Starting at the line with "Video Mini Golf avec le coup de la fontaine" and ending at the line with "64305-1_clipped_rev_1.png", print exactly the lines of the entries below. Pictures do not belong in the copy.

■ **Data shown**:
##############################

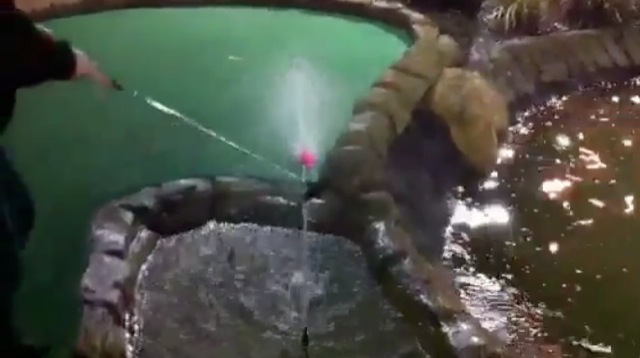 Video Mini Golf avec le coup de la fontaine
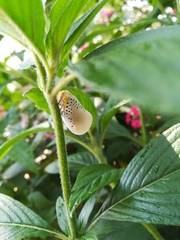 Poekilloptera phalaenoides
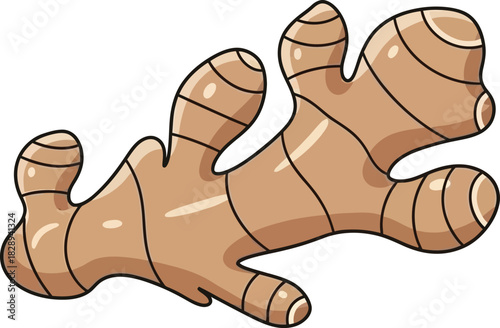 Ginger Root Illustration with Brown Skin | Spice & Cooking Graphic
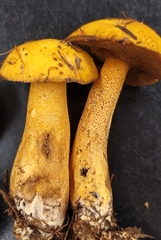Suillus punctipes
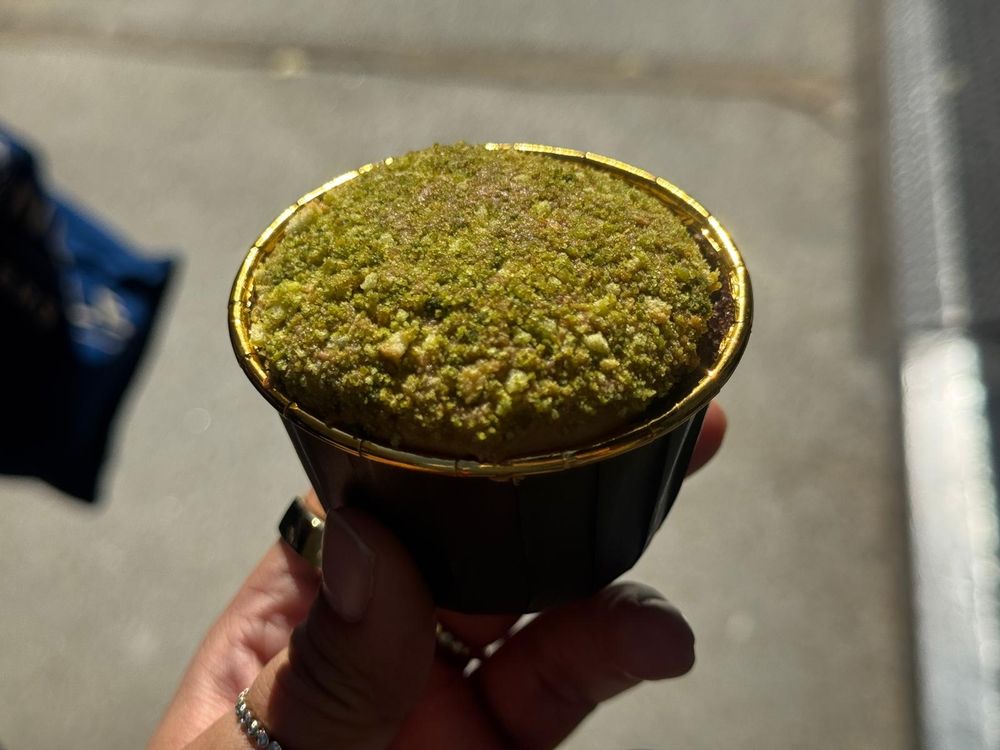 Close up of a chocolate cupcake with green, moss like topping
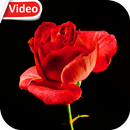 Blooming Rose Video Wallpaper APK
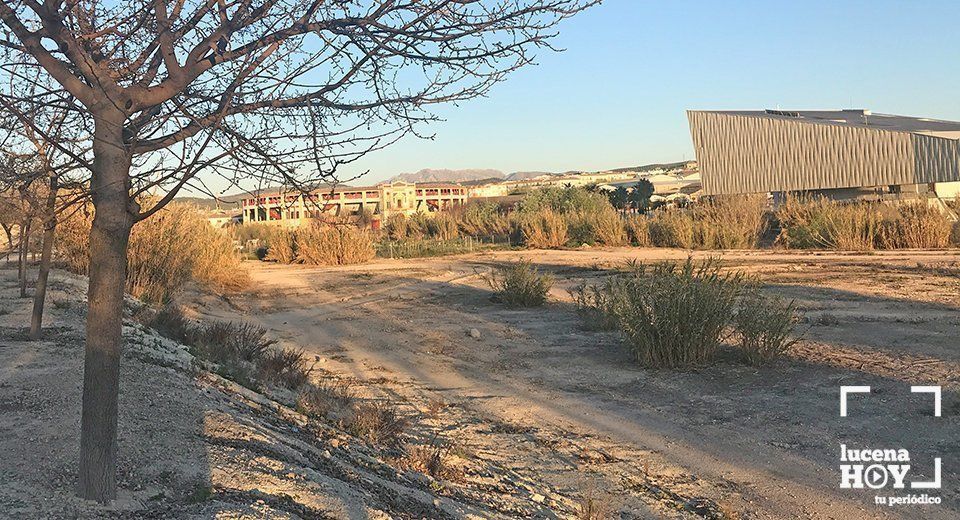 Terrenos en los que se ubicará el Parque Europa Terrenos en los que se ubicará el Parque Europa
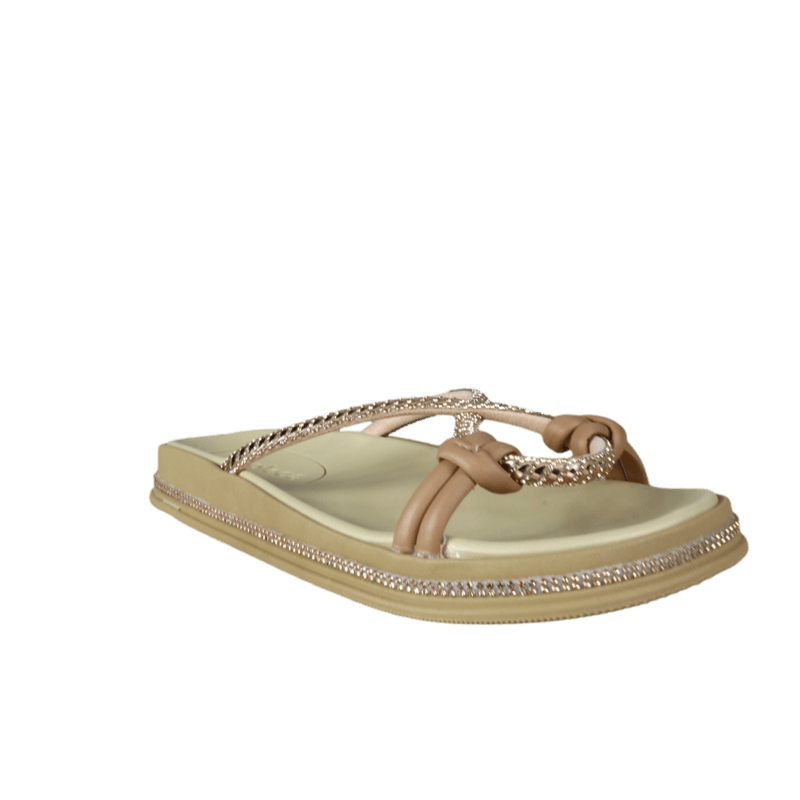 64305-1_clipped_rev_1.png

##############################

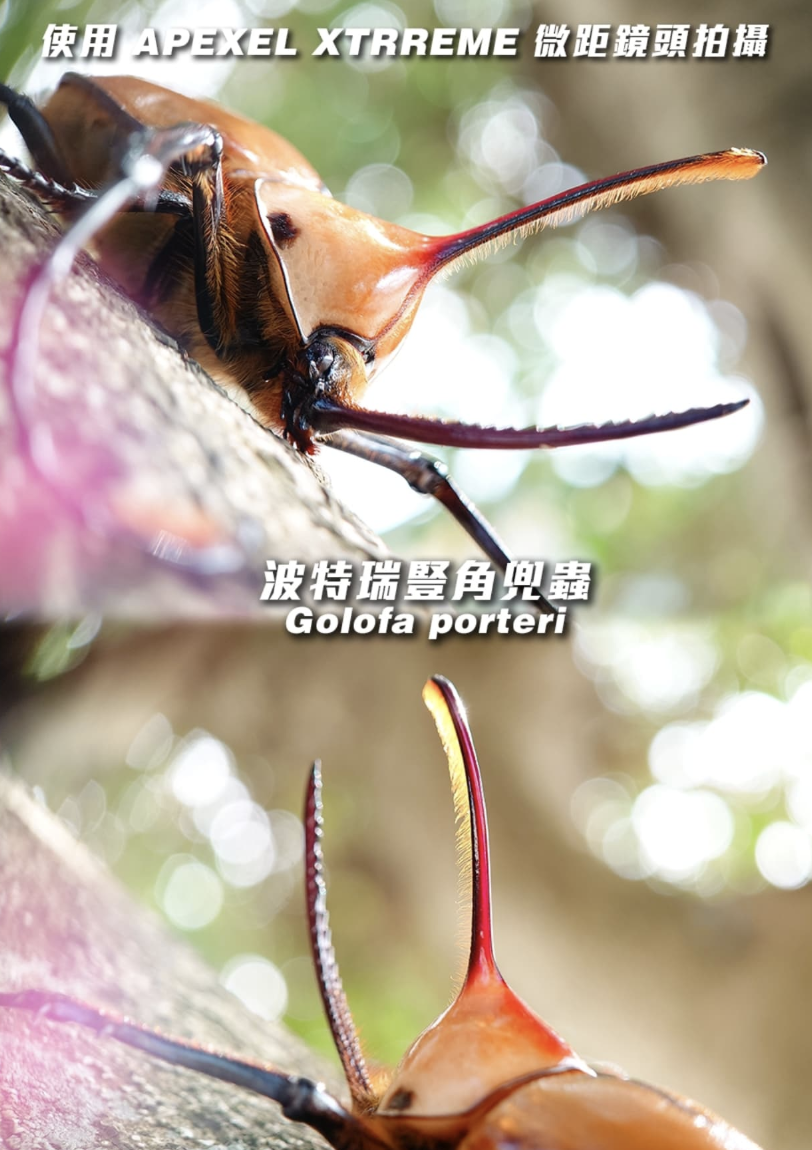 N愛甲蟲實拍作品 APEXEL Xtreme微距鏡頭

##############################

■ **Completed exercise**:
 Video Mini Golf avec le coup de la fontaine
 Poekilloptera phalaenoides
 Ginger Root Illustration with Brown Skin | Spice & Cooking Graphic
Suillus punctipes
 Close up of a chocolate cupcake with green, moss like topping
 Blooming Rose Video Wallpaper APK
 Terrenos en los que se ubicará el Parque Europa Terrenos en los que se ubicará el Parque Europa
 64305-1_clipped_rev_1.png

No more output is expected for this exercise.